The first thing we did was evaluate the potential market draw of the sites using a combination of computer modeling of drivetimes and dot density and household income mapping to define probable market areas combined with our knowledge of how market areas are defined by consumer behavior. The lowest priced site, the one farthest away from the other three, had a market area about 25% lower in population than the three in the other town. Furthermore, its location indicated it would have a low market penetration rate for most of the residents in its market area. Translation - the cheapest site would end up being the most expensive in terms of its carrying cost as a percentage of revenue, i.e., that site would have the lowest return on investment.

The three sites in the other town were all well located, at least in terms of proximity to interstate interchanges and other retail. The lowest priced of the three was eliminated since it was hidden from the traffic of major roads. The problem with it was 'out of sight, out of mind', meaning it would have a low awareness factor. Its other problems were poor access and being surrounded by businesses with mediocre images.

That left two sites. The less expensive of the two was near some major retailers, whereas the most expensive was very near the regional enclosed mall and also across the street from a well-known convention center. Location wise, the more expensive site would do the most business. The more expensive site also had one more thing going for it. It was in an office/retail development where all the infrastructure improvements were completed, including utilities and storm water management. The other site would have required infrastructure improvements adding to its ultimate cost. So in the end, the most expensive site won out.

We then proceeded with a formal market study to evaluate its market in greater depth. This included a socioeconomic-lifestyle (SEL) analysis of the targeted customers for the project. Socioeconomic-lifestyle analysis enables you to more precisely understand the market area’s resident and worker population, especially the type of specific customer being targeted. Demographics are useful, but if you are targeting households with children 5-12 or young adults 25-39, demographic income data doesn’t drill down to the same level of detail as SEL analysis, which can get very detailed data on a particular market segment. Furthermore, SEL analysis looks at behaviors and values, a more useful predictor of consumer behavior than just demographics. Our more detailed market study data confirmed our preliminary evaluations and the client optioned the site.

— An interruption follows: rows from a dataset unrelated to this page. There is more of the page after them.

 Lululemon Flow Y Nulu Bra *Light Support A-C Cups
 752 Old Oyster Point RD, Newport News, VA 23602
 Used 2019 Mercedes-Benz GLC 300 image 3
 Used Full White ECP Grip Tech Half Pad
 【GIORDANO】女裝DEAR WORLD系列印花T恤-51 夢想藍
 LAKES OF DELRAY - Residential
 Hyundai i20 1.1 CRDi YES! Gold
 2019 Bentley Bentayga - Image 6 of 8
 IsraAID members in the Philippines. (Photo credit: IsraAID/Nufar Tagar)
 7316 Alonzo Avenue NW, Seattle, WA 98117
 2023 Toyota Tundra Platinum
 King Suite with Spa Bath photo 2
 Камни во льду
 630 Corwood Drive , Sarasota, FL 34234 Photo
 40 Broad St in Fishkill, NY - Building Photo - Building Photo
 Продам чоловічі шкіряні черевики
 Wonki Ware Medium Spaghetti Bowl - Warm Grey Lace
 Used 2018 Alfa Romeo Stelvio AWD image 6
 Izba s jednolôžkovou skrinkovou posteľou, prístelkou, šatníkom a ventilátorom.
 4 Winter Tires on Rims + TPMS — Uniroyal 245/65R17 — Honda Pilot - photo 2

You may still be wondering. How can the site that costs 100’s of thousands of dollars more be the better site? The answer is multifold. First, the project's return on investment will be higher. It will cost the same to construct the building and purchase all the furniture, fixtures and equipment as the other three sites. At the same time, there was site development savings as some of the infrastructure was already in place. So in the end the difference in the land cost equated to only a 3% increase in overall project cost. However, in our market and attendance evaluations, take location will produce revenues at least 15% greater. If you work the numbers, you quickly see how the return on investment will be much greater at that site as the cash flow is far greater than at the lesser expensive sites, more than offsetting the increased land cost. Also, the probability of success is greater. It never makes sense to start a new business with any avoidable handicaps. That is exactly what a less than ideal site brings to a project.

When it comes to leasing a building or store space, the same is true. That is why retailers rent stores in enclosed malls at $50 and more per square versus a strip shopping center that might only cost $15 per square foot. What is important is the relationship of rent to sales, not the absolute rent amount.

Selecting a feasible site for an entertainment project requires a lot of analysis that is a combination of both art and science. The site is forever, so proper due diligence at this early stage in a project’s development can easily determine success or failure.